The Data Product Manager plays a pivotal role in the Data Fabric, serving as the orchestrator for seamless data product onboarding. This component efficiently manages the integration of new data products, ensuring a coherent and standardized process.
The data product is defined as the combination of the following metadata and artifacts:
Generated from periodic collections of raw data stored in local or remote files. When defining a Batch Data Product with files as a data source, these are the details that must be provided:
-
Name: Name of the Data Product.
-
Description: Descriptive text of the Data Product.
-
Owner: URI that points to a knowledge graph entity that describes the owner of the Data Product.
-
Glossary terms: List of URIs that point to knowledge graph entities that describe glossary/business terms.
-
Tags: List of tags that identify and categorize the Data Product.
-
Data source type: String that identifies the type of the Data Product within the Data Product Manager. For these Batch Data Products it must always be
BATCH_FILE
. -
Freshness: The freshness of data sources is a crucial factor and is only applicable to batch-type data sources. It determines how frequently the Data Fabric collects raw data from the target data source. This property is optional and can be tailored based on the user's specific requirements.
-
Path to data file: The location of the data file is specified using the
file_path
property. Users must specify this property to indicate where the raw data is stored, facilitating seamless data processing.

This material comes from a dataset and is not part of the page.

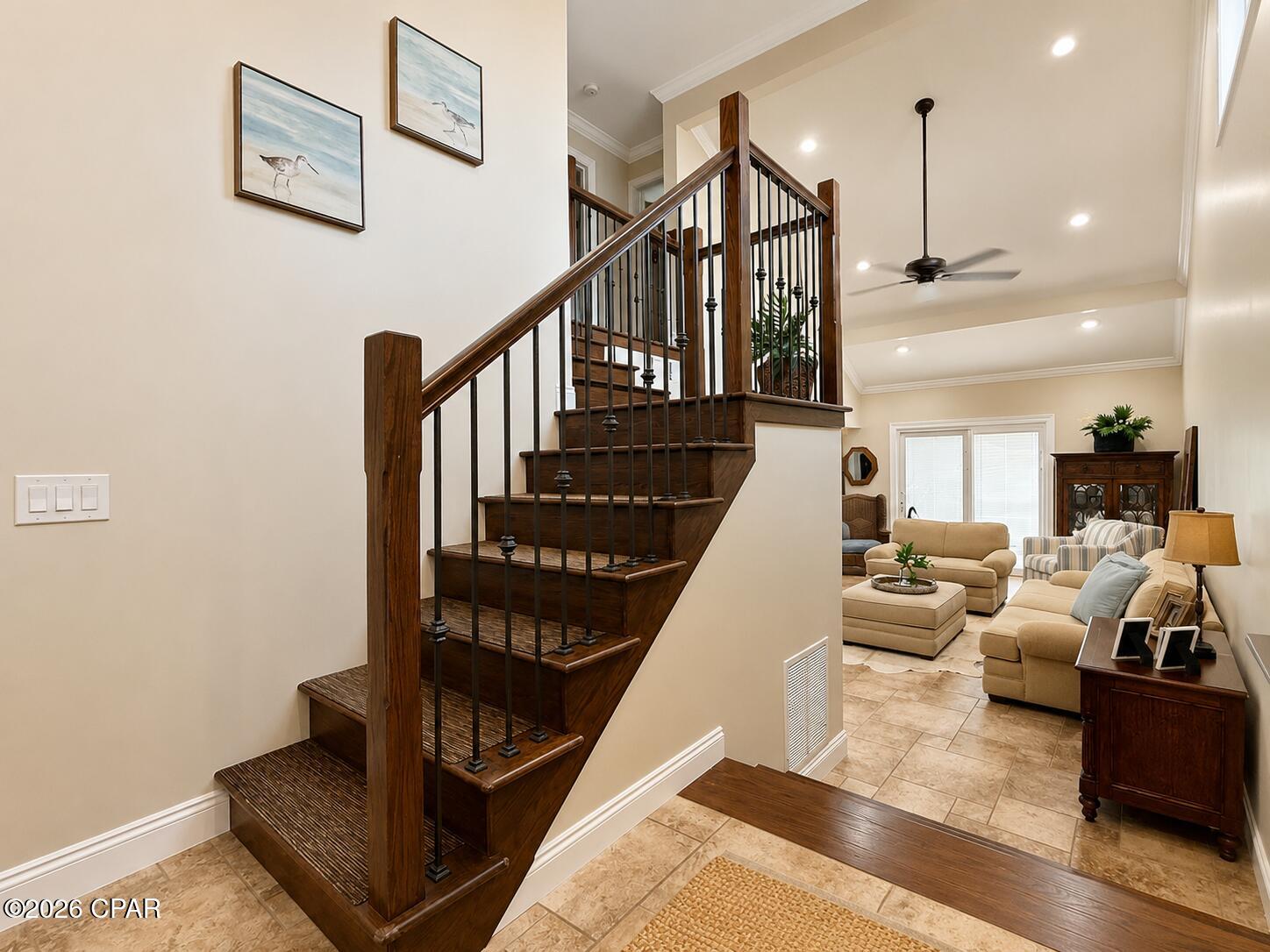Forest Park Village - Residential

Generated from periodic collections of raw data stored in relational databases. When creating a Batch Data Product with relational databases as a data source, these are the details that must be provided:
-
Name: Name of the Data Product.
-
Description: Descriptive text of the Data Product.
-
Owner: URI that points to a knowledge graph entity that describes the owner of the Data Product.
-
Glossary terms: List of URIs that point to knowledge graph entities that describe glossary/business terms.
-
Tags: List of tags that identify and categorize the Data Product.
-
Data source type: String that identifies the type of the Data Product within the Data Product Manager. For these Batch Data Products it must always be
BATCH_RELATIONAL_DATABASE
. -
Freshness: The freshness of data sources remains a critical aspect and is specifically relevant to Batch-type data sources. It establishes the frequency at which the Data Fabric retrieves raw data from the designated relational database. Users have the flexibility to define the freshness, determining the frequency of data collection. This property is optional, allowing users to align data retrieval with their specific operational needs.
-
Database URL: The database URL is specified using the
db_url
property. This parameter indicates the location and configuration details of the relational database from which raw data is collected.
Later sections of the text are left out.